A few songs that didn’t crack the top 26, but that I wanted to give special recognition for various reasons:
(This is an ongoing countdown that will be updated through April. Click here for the full list.)
Call Connected Through the NSA (Podcast 4A, 2006)
TMBG’s response to revelations about Bush administration surveillance was a downloadable ringtone that reminded the user that every call was on a party line. It is, of course, totally irrelevant today.
Marty Beller Mask (Album Raises New and Troubling Questions, 2011)
One of the band’s most absurd songs, revealing drummer Marty Beller’s secret identity: Whitney Houston, who got sick of all the attention and really just wanted to play the skins in a rock band. The song was retired from live performance after less than a year when Whitney Houston was found dead.
Particle Man (Flood, 1990)
Not a personal favorite, but certainly an essential song in the TMBG canon. Often reinterpreted live to great effect–my personal favorite is “Particle Mo,” recorded live in 2005 with Corn Mo and featuring dueling accordions. Like “Istanbul,” this is a gateway song through which many fans discovered the band–on Tiny Tunes Adventures.
Stormy Pinkness (Istanbul (Not Constantinople) (EP), 1990)

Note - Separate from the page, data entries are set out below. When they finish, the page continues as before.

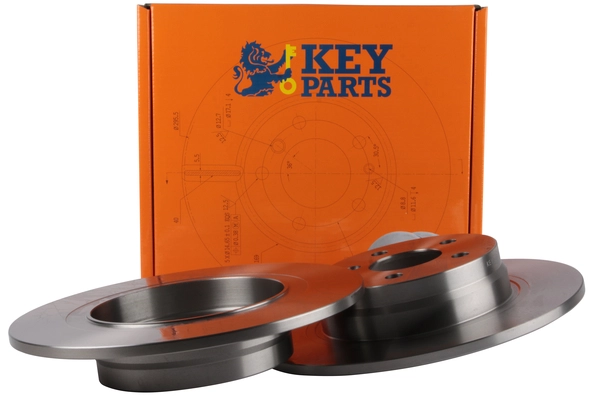 Disque de frein KEY PARTS KBD4723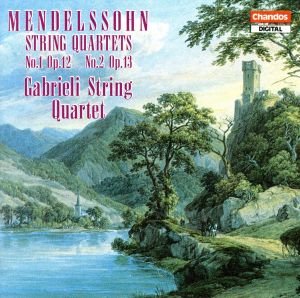 【輸入盤】Mendelssohn;String Quartet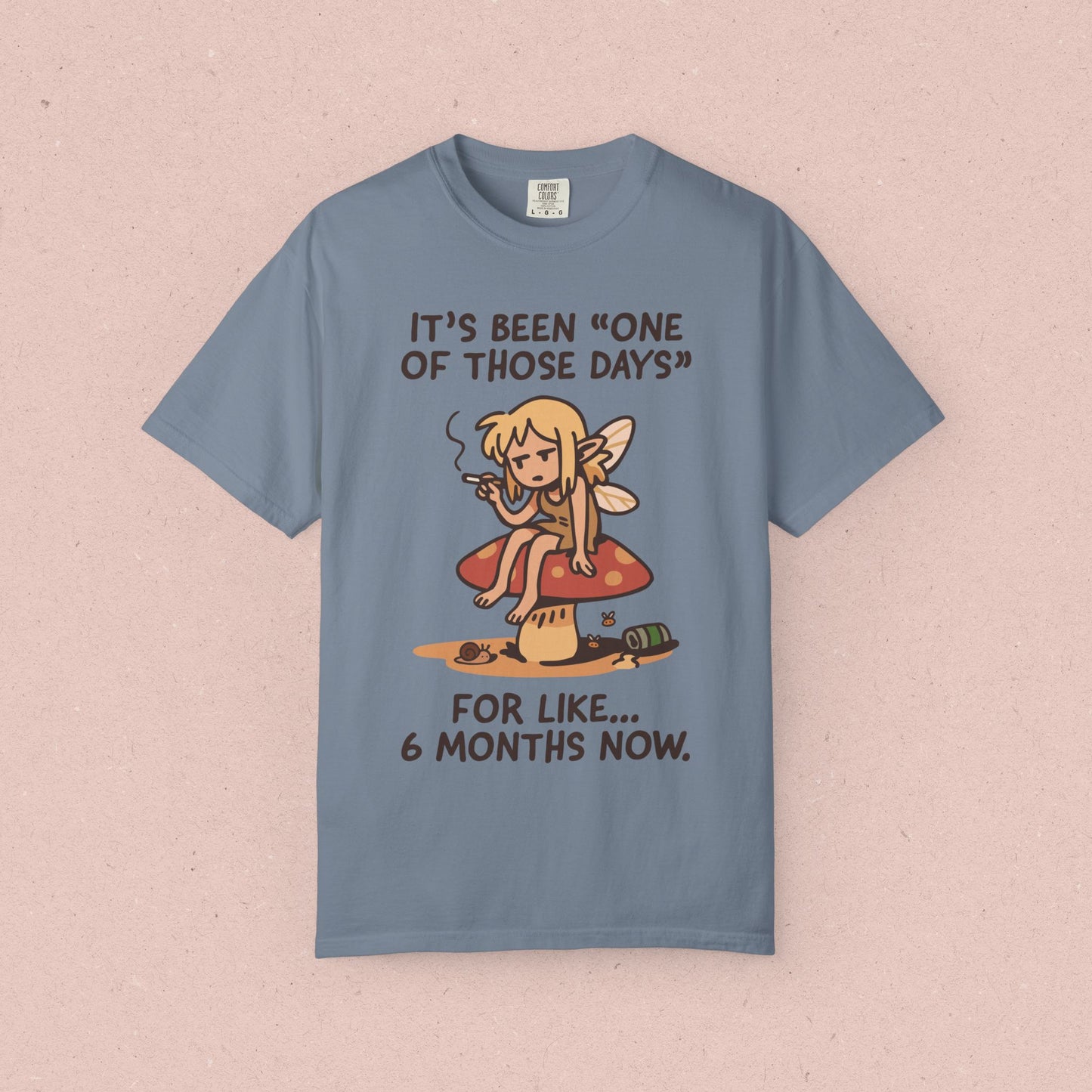 I'll Be Screaming Raccoon T-Shirt — Funny Coffee & Anxiety Graphic Tee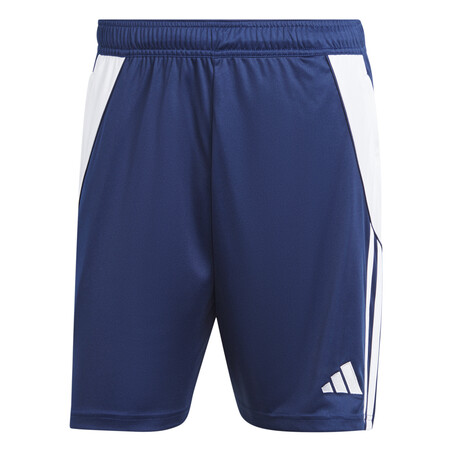 Short entraînement adidas Tiro24 bleu blanc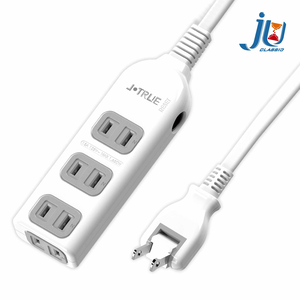 鉅玉經典｜3+1P arbitrary extension cable 1.8m JY-302-9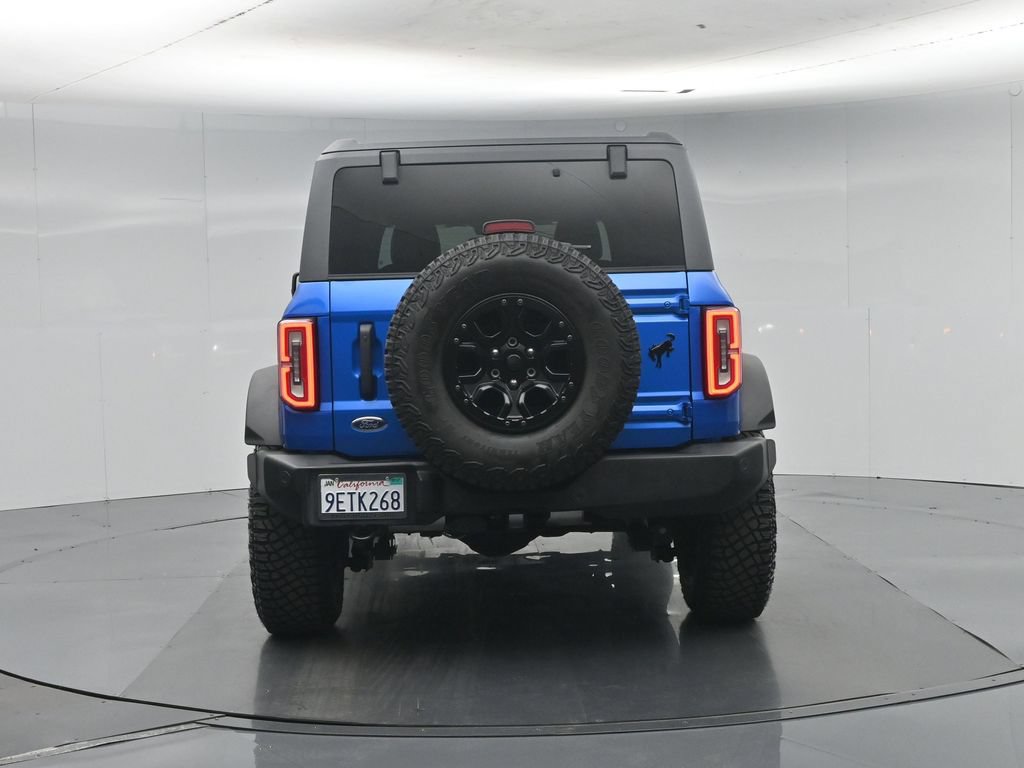 Certified 2023 Ford Bronco Wildtrak AWD/4WD image 27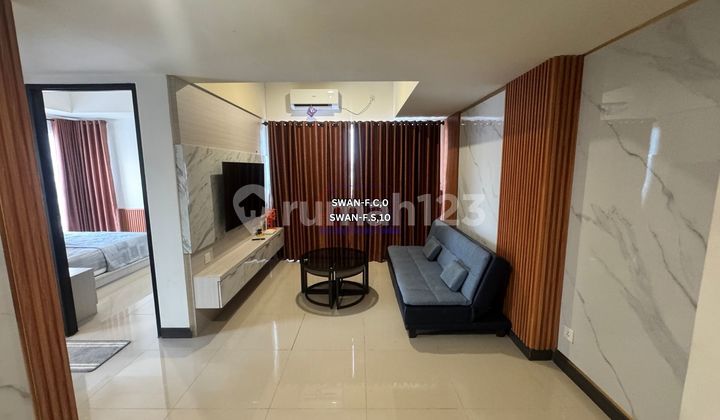 2 BR Corner Unit, Fully Furnished Apartment at Citra Plaza Nagoya, 17th Floor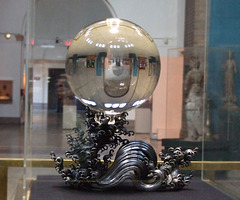 Crystal Sphere in the University of Pennsylvania Museum, November 2009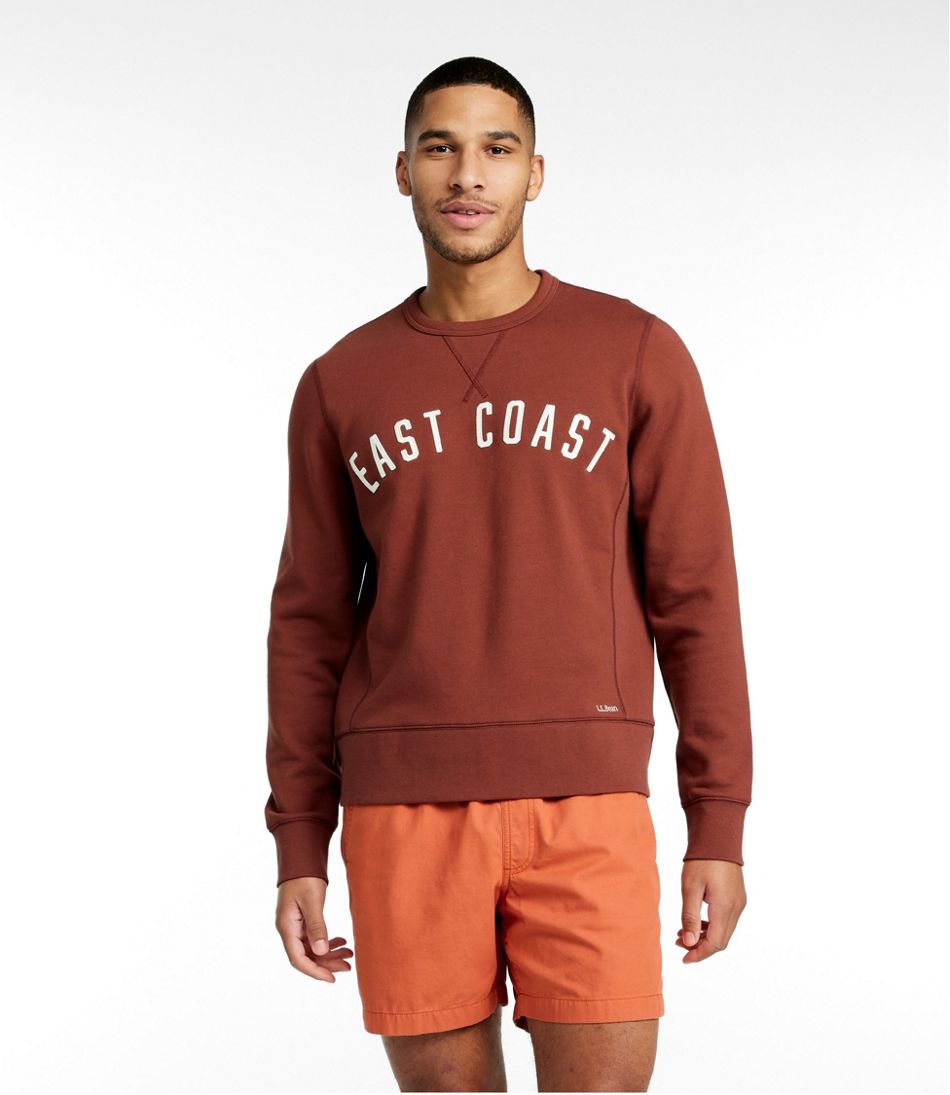 Men's Signature Rugged Crewneck Sweatshirt | L.L.Bean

A favorite mostly because for many years I knew it only through a poor recording at a live performance in Germany. The shouts of the German audience on the track were a bonus.
Experimental Film (The Spine, 2004)
One of several collaborations with the Brothers Chaps of HomestarRunner.com, this one came with a flash-animated music video starring the King of Town and his loyal subjects.

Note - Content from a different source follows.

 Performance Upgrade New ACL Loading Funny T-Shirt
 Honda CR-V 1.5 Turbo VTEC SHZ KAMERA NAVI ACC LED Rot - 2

Man, It’s So Loud In Here (Mink Car, 2001)
It’s a little odd that no cuts from Mink Car made this list, when that’s one of my favorite They Might Be Giants records. I guess the album, while generally great, doesn’t have any one song that jumps out of the discography–though this, one of TMBG’s few attempts at techno, is a regular on my workout playlist.
Shoehorn With Teeth (Lincoln, 1988)
Honorable mention mostly for the live performances, which were preceded by a long introductory song announcing the arrival of a glockenspiel and its player to the stage, all to play three notes on “Shoehorn.” Retired, along with the glockenspiel, in 2002–though hardcore fans (like Yours Truly) to this day shout for the glockenspiel at live performances.
Alex says: Having witnessed the band play this (with Glock) in St. Petersburg, FL circa 1997… I recall the glockenspiel sitting front-n-center on the stage for the whole show… it was out there, in front of the band for 8-10 songs before they used it. I Loved that. Also… the conga line got really out of control at that show. That said, both my parents accompanied my 17yr old self to that show… and they were both in the conga line.